D'où viennent les Inuits?
Le débat fait rage chez les archéologues
mais les subventions sont épuisées
Depuis plusieurs années, un groupe de chercheurs de
l'Université Laval, de l'Université McGill et de
l'Institut culturel Avataq, un organisme inuit, arpentent la
côte du détroit d'Hudson au nord du 60ème
parallèle entre Salluit et Quaqtaq, au Nunavik. La plupart
du temps en canot, ils cherchent des sites de campement qu'ont
pu utiliser les Inuits ou leurs ancêtres les Paléoesquimaux.

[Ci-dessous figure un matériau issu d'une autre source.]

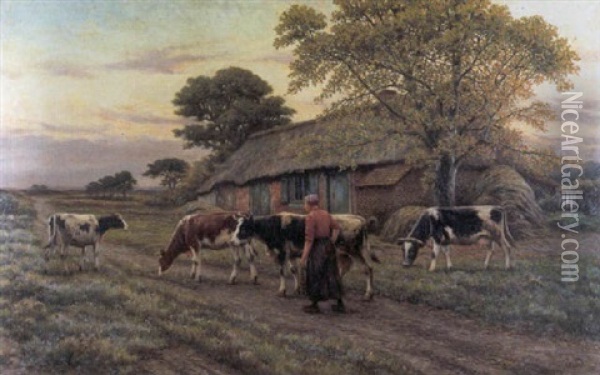 Koeienhoedster Bij De Hoeve Oil Painting - Henri Houben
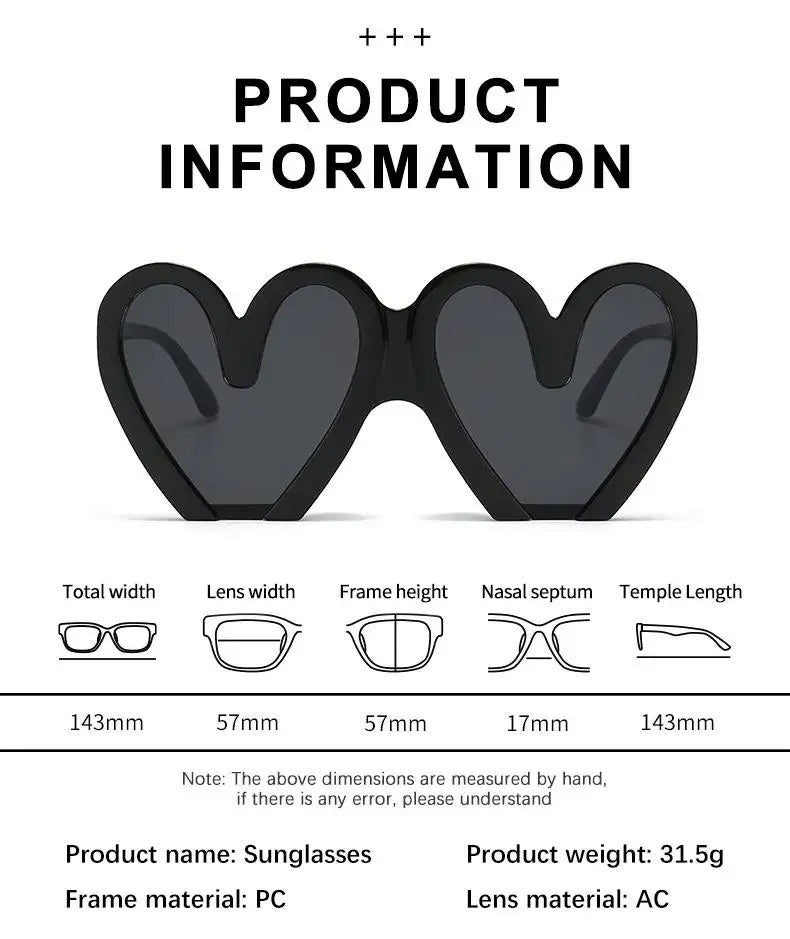 Love Birthday Party Sunglasses Woman Stage Performance Funny Sunglasses Hearts Sweet Fashion Travel Girls Sun Glasses gafas
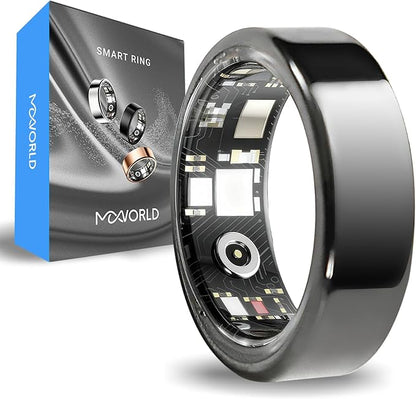 Mworld Smart Ring, Fitness & Health Tracker with Emotional AI Analysis, Sleep Monitor, Heart Rate/SpO2 Tracking, 10ATM Waterproof for Men and Women - Ceramic Material (Black, 7)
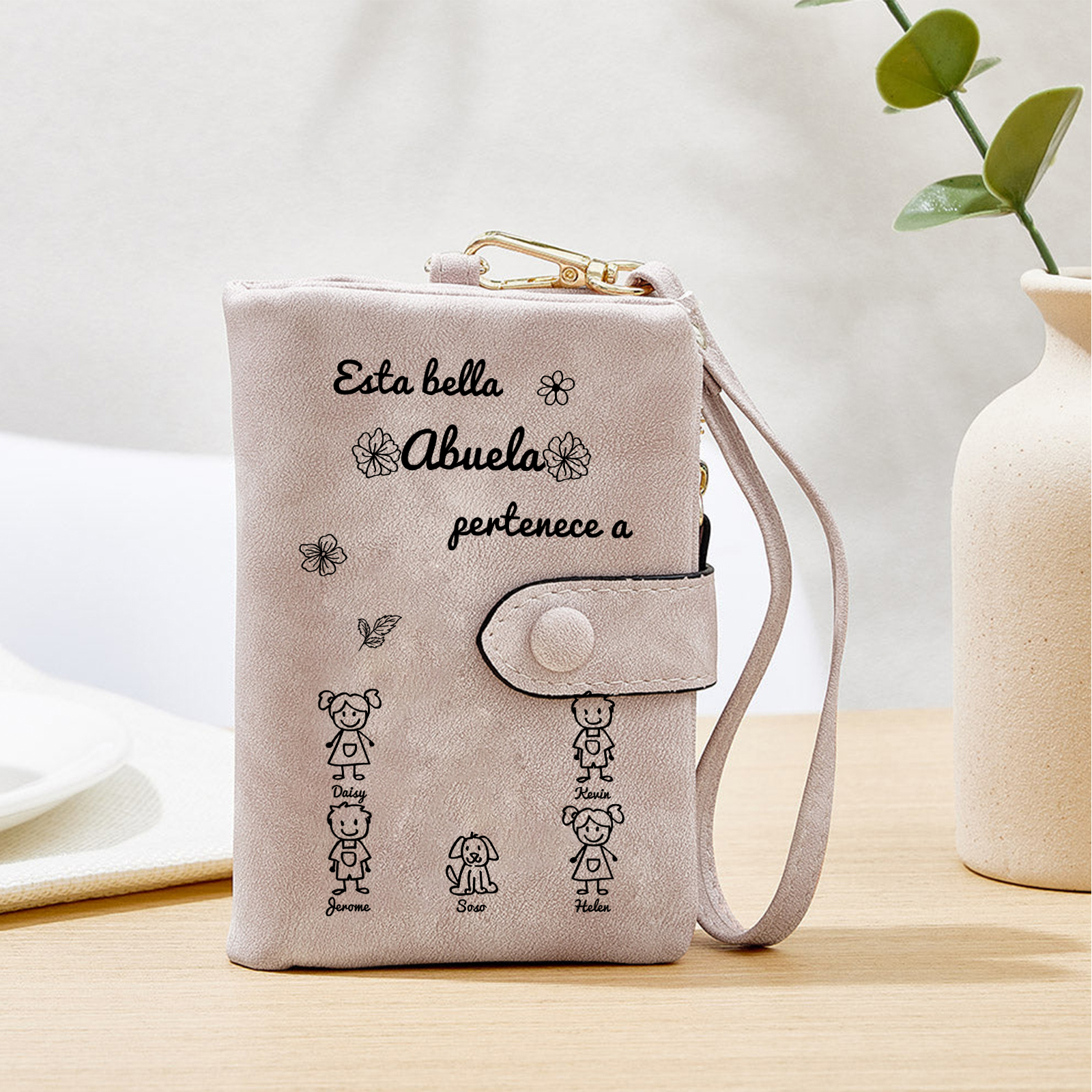 A mi abuela - Kit de regalo de cartera, llavero "Esta abuela pertenece a..."con "niño" 1 nombre personalizado con tarjeta y caja | Jessemade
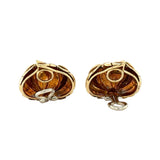 18K YELLOW GOLD LEAF MOTIF EARCLIPS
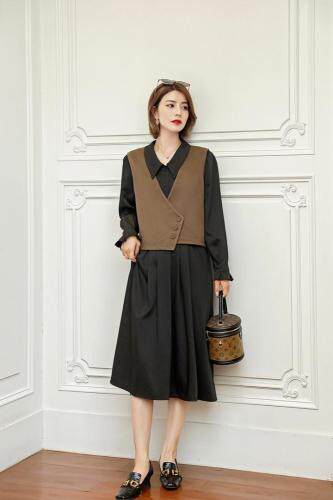 现货秋季连衣裙两件套，女装连衣裙，依美依缘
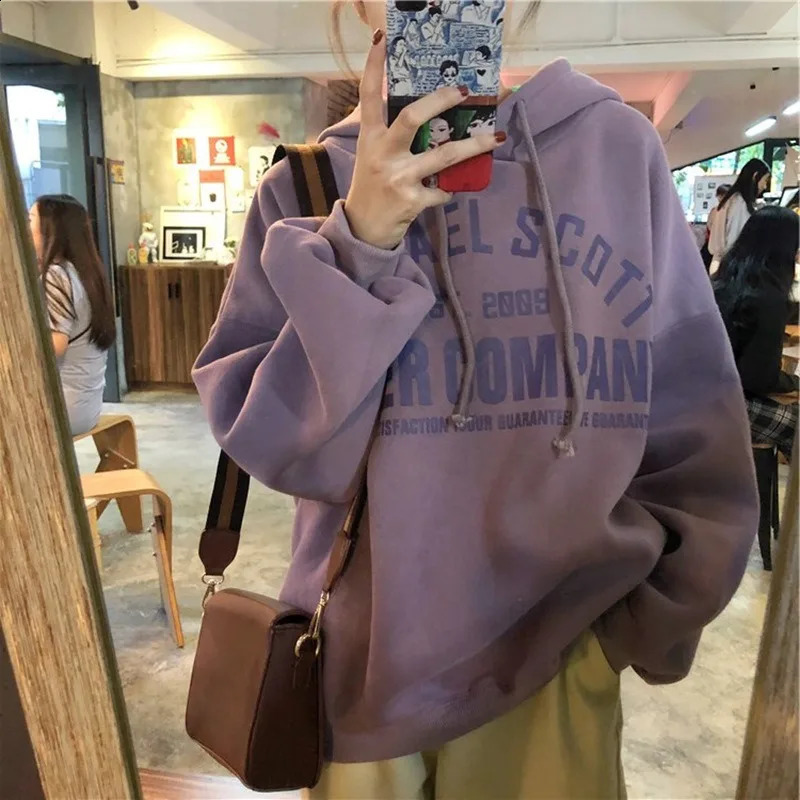 Sweat à capuche à capuche en peluche pour femmes - Style coréen lâche Top décontracté 240822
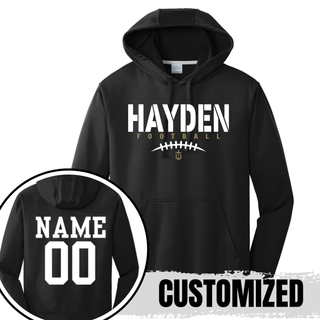 Black Hayden Wildcats Stencil Block Football Performance Hoodie showing front design and back customization option with player name and number
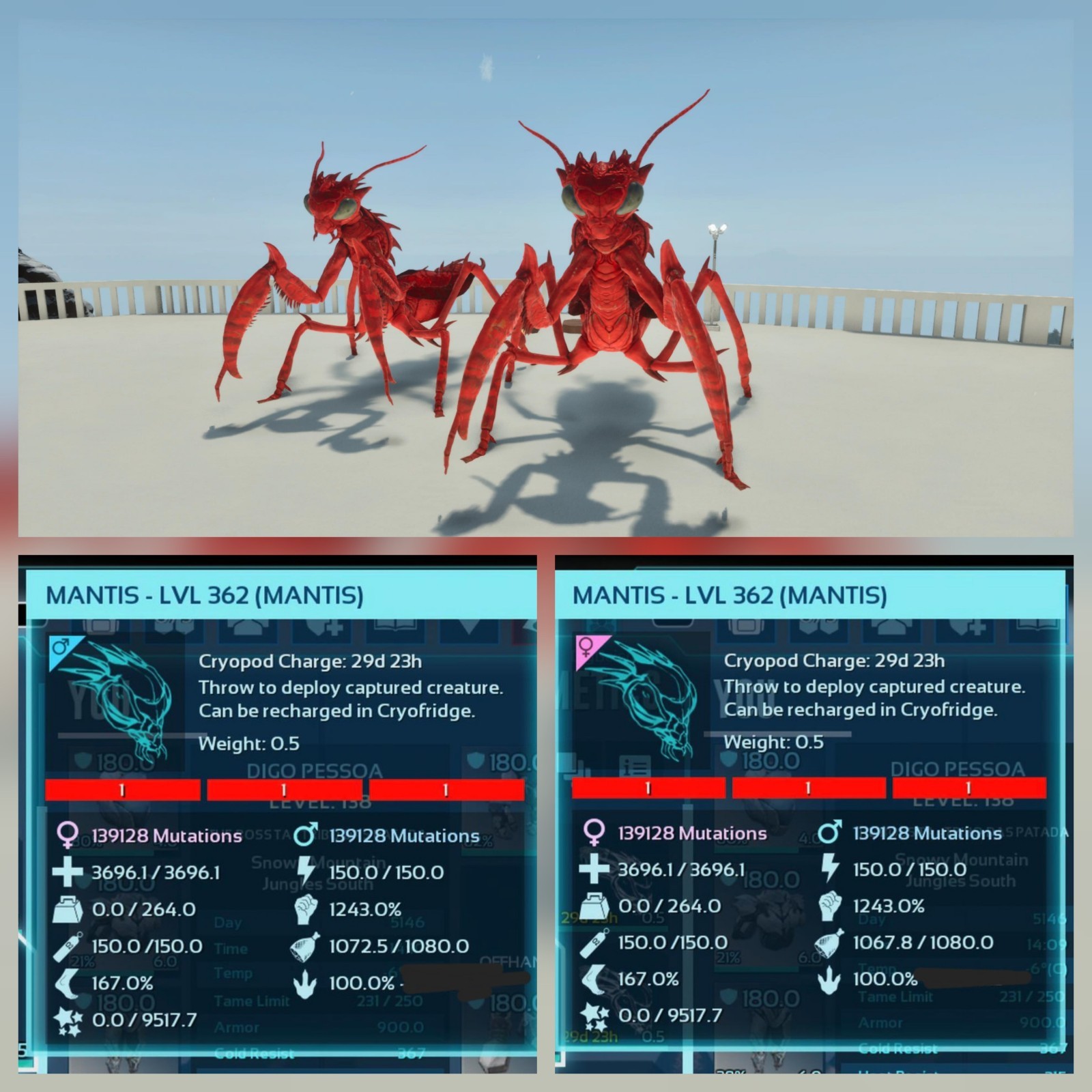 MANTIS RED ID01 ADULT 100% IMPRINT PAIR TOP STATUS ARK ASCENDED PVE PC/XBOX/PS5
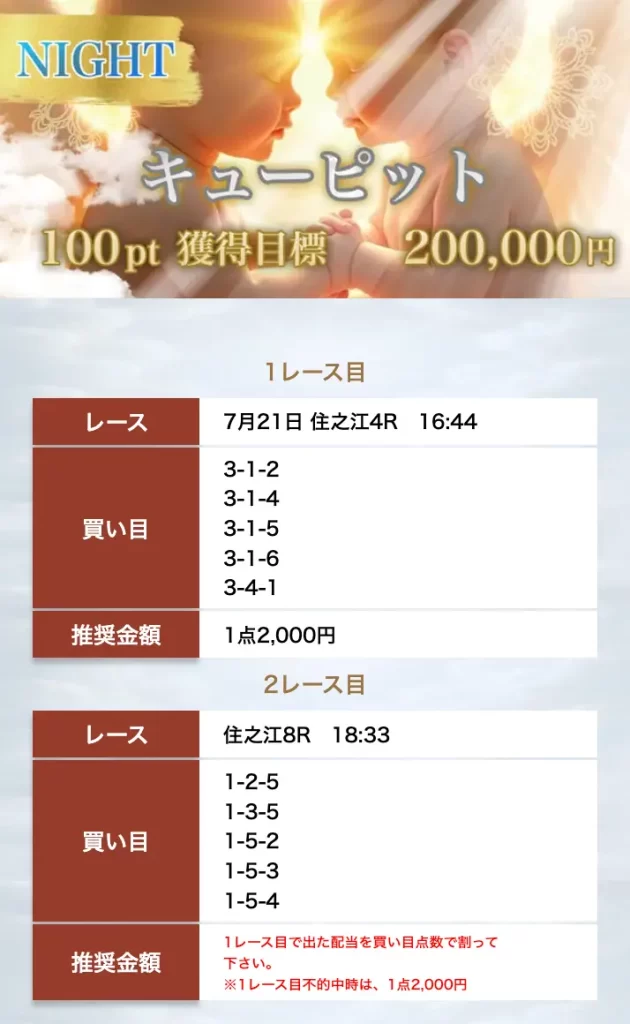 優良競艇予想サイト「ボートヘブン」有料予想「キューピット」買い目0721ナイト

Des recherches qui vont sans doute pouvoir nourrir un débat
très chaud sous ces cieux polaires, celui portant sur
l'origine des Inuits.
"Le site le plus ancien que nous avons découvert
sur le détroit d'Hudson remonte à 3 600 ans, explique
Daniel Gendron, étudiant au doctorat en archéologie
travaillant pour Avataq. Il s'agit d'un campement avec un cercle
de pierre, ainsi que des restes d'outils en pierre servant à
travailler les peaux et à préparer les viandes."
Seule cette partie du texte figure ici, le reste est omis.